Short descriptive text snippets
»»
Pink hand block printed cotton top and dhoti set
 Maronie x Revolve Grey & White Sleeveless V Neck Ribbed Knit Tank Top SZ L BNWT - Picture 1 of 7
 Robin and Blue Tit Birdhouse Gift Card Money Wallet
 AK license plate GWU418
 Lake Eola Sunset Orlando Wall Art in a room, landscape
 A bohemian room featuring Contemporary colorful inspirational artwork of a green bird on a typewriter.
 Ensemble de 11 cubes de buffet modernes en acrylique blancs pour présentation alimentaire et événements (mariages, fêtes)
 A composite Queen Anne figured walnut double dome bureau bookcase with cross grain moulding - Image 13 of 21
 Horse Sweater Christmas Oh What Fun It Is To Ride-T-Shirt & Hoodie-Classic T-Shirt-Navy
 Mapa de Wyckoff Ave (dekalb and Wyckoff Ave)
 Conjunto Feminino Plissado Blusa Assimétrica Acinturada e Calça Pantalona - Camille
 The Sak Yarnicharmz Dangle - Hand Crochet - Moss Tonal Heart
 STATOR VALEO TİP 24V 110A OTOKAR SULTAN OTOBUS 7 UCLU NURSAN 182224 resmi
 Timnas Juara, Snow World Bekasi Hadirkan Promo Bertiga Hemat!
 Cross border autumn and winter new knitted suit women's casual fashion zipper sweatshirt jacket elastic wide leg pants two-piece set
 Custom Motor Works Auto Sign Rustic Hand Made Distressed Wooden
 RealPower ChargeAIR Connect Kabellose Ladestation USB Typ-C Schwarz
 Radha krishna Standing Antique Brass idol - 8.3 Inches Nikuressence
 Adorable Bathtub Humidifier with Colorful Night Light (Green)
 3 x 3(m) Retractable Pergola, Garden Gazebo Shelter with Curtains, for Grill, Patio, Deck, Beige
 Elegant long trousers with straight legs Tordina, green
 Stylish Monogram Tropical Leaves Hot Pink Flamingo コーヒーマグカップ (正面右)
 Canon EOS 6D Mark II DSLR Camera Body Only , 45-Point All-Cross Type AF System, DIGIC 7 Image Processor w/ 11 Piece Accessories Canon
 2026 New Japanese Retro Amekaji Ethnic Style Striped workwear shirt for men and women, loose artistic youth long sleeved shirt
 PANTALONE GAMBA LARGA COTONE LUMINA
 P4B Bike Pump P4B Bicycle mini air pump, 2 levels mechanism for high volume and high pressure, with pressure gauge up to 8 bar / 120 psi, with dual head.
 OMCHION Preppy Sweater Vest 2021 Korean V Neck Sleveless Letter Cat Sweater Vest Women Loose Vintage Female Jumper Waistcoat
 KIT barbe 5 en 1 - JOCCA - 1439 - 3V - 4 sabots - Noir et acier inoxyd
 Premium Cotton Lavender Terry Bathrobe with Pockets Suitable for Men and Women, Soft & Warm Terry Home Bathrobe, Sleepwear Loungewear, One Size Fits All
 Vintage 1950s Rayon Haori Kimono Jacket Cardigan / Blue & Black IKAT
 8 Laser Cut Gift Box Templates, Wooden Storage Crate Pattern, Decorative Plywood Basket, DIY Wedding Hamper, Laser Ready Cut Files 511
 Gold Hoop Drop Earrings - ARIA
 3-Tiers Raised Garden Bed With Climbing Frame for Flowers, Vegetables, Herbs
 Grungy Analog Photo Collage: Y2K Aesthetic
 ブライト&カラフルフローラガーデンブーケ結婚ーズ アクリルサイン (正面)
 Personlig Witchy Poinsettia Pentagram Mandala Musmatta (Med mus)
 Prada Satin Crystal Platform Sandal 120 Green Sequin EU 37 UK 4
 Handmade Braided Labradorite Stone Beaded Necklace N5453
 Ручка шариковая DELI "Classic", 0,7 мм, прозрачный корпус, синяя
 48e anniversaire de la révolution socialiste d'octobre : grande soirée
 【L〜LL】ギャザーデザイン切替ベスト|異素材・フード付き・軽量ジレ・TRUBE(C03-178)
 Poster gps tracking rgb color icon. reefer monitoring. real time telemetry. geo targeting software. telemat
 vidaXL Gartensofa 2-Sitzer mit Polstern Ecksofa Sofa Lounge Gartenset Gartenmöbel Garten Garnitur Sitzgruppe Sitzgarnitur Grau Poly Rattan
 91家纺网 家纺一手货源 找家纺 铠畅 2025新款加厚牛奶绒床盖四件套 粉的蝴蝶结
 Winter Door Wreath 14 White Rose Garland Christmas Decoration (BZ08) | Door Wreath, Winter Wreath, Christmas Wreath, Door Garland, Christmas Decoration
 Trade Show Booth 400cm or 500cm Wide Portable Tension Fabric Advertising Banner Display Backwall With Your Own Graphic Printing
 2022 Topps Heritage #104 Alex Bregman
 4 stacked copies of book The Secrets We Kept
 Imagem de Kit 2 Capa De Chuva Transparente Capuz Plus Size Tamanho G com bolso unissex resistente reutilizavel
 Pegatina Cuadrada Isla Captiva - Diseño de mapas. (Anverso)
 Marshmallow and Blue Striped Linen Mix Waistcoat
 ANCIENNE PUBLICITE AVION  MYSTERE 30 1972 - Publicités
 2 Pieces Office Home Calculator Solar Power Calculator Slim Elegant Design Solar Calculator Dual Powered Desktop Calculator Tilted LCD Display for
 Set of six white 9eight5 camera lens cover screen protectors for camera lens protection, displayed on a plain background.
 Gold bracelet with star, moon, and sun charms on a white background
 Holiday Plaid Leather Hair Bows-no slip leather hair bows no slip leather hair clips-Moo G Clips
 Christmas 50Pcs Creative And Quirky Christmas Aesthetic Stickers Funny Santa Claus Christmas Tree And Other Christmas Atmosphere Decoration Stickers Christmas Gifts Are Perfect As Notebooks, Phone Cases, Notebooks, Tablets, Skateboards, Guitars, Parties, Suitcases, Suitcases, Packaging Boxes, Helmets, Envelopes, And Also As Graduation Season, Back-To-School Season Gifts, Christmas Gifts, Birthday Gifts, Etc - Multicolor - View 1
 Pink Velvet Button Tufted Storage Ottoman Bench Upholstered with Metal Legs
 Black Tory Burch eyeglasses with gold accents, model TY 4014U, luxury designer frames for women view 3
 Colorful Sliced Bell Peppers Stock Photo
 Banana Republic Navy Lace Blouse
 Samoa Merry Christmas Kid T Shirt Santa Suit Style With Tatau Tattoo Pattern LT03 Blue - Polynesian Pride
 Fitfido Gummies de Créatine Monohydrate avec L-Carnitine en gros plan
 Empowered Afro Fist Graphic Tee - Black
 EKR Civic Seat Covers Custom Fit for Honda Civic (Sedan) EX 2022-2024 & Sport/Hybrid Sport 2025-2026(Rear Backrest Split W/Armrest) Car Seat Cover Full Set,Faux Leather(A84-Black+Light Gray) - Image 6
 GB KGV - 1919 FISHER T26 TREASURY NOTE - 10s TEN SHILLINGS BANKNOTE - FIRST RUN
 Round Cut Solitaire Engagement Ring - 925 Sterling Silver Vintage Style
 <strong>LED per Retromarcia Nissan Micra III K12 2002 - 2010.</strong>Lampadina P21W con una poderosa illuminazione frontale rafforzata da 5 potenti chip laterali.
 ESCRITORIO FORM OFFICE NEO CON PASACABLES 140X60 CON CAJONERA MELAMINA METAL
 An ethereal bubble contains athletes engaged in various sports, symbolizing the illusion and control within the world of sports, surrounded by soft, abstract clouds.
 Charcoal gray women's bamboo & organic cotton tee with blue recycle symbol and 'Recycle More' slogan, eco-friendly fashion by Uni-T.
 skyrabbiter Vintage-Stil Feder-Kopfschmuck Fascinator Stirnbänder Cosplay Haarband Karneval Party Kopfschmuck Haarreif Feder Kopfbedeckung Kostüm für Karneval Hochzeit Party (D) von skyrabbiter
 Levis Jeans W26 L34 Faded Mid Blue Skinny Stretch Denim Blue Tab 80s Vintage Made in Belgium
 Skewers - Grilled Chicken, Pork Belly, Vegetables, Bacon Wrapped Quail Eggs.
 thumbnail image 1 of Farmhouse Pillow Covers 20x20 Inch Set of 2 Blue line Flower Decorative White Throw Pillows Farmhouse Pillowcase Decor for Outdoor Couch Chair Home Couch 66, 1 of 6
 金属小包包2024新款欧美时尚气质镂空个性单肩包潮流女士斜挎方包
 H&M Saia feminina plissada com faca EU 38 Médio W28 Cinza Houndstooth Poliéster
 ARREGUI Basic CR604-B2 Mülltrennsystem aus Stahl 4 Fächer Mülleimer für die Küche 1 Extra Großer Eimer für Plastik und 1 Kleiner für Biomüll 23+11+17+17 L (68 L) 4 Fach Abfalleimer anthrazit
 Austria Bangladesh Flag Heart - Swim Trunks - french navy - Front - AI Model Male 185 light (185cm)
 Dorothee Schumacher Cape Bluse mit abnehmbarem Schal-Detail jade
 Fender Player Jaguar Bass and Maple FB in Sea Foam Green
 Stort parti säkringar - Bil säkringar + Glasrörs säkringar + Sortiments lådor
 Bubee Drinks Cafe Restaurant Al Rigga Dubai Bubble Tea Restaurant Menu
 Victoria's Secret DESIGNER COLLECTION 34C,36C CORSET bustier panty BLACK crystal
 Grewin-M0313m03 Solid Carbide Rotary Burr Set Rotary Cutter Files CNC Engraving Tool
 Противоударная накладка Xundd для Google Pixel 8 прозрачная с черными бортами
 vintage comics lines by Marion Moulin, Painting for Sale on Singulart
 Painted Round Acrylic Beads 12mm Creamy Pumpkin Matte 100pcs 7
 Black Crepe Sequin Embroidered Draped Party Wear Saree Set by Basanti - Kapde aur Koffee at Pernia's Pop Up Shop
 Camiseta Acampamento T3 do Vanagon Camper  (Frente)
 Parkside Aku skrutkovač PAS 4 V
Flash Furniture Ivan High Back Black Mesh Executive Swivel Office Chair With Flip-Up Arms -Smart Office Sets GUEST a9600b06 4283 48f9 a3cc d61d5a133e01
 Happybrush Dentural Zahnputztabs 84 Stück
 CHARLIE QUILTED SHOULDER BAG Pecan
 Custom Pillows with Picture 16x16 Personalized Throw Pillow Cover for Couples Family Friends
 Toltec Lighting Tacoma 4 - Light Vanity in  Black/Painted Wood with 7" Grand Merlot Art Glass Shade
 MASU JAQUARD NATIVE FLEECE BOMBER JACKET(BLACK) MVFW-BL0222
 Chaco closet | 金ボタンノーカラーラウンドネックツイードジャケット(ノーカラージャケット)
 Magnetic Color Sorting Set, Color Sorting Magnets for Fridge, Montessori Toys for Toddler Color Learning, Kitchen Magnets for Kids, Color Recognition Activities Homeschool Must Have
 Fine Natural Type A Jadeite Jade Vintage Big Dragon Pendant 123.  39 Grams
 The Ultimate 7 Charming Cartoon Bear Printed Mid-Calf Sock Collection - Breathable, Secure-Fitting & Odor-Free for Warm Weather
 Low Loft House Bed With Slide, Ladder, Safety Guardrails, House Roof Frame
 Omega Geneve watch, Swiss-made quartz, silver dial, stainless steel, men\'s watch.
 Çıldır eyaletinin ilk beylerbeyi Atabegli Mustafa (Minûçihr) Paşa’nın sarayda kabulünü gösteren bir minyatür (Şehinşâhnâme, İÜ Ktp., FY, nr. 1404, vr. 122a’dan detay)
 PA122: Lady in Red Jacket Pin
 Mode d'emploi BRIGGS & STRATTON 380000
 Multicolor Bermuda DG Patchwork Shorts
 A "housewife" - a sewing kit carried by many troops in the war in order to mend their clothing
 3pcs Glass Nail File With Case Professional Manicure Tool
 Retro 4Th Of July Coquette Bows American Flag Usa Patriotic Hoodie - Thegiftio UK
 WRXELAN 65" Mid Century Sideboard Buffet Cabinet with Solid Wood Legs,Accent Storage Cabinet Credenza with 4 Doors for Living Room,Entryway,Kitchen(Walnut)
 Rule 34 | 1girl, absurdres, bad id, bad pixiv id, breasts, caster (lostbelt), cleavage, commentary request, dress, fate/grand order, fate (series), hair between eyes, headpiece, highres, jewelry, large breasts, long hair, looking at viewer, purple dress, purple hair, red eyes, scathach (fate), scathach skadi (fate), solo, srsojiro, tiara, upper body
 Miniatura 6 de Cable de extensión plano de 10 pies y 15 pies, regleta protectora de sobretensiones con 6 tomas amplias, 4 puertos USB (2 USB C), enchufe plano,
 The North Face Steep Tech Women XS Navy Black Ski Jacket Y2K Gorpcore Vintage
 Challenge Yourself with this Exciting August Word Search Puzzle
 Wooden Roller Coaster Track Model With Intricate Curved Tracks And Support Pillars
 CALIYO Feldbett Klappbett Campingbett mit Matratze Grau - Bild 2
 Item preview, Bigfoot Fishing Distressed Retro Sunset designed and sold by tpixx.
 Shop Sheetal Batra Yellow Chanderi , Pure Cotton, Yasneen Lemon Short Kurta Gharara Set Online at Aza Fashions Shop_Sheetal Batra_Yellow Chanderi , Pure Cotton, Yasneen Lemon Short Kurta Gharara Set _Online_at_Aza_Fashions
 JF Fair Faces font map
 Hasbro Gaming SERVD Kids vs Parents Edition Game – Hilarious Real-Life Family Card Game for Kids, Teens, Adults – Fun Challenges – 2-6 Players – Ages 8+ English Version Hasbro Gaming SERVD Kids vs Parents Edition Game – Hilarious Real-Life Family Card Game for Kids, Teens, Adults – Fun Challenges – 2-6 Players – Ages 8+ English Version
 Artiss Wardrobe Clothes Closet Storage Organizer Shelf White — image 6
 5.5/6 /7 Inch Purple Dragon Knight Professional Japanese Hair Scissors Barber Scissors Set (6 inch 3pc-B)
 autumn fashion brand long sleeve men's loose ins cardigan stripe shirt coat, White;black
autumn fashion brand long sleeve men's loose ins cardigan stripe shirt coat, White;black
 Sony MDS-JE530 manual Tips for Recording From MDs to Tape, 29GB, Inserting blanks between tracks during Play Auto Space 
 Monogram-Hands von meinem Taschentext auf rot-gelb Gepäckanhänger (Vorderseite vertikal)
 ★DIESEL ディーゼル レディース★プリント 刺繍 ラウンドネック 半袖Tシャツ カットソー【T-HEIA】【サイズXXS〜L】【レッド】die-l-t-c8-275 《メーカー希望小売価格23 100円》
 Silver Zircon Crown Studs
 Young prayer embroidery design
««
Task instructions:
Give back exactly the lines from the first line of the records through the line holding "Adorable Bathtub Humidifier", including both of those lines and leaving out all others.

Written reply:
Pink hand block printed cotton top and dhoti set
 Maronie x Revolve Grey & White Sleeveless V Neck Ribbed Knit Tank Top SZ L BNWT - Picture 1 of 7
 Robin and Blue Tit Birdhouse Gift Card Money Wallet
 AK license plate GWU418
 Lake Eola Sunset Orlando Wall Art in a room, landscape
 A bohemian room featuring Contemporary colorful inspirational artwork of a green bird on a typewriter.
 Ensemble de 11 cubes de buffet modernes en acrylique blancs pour présentation alimentaire et événements (mariages, fêtes)
 A composite Queen Anne figured walnut double dome bureau bookcase with cross grain moulding - Image 13 of 21
 Horse Sweater Christmas Oh What Fun It Is To Ride-T-Shirt & Hoodie-Classic T-Shirt-Navy
 Mapa de Wyckoff Ave (dekalb and Wyckoff Ave)
 Conjunto Feminino Plissado Blusa Assimétrica Acinturada e Calça Pantalona - Camille
 The Sak Yarnicharmz Dangle - Hand Crochet - Moss Tonal Heart
 STATOR VALEO TİP 24V 110A OTOKAR SULTAN OTOBUS 7 UCLU NURSAN 182224 resmi
 Timnas Juara, Snow World Bekasi Hadirkan Promo Bertiga Hemat!
 Cross border autumn and winter new knitted suit women's casual fashion zipper sweatshirt jacket elastic wide leg pants two-piece set
 Custom Motor Works Auto Sign Rustic Hand Made Distressed Wooden
 RealPower ChargeAIR Connect Kabellose Ladestation USB Typ-C Schwarz
 Radha krishna Standing Antique Brass idol - 8.3 Inches Nikuressence
 Adorable Bathtub Humidifier with Colorful Night Light (Green)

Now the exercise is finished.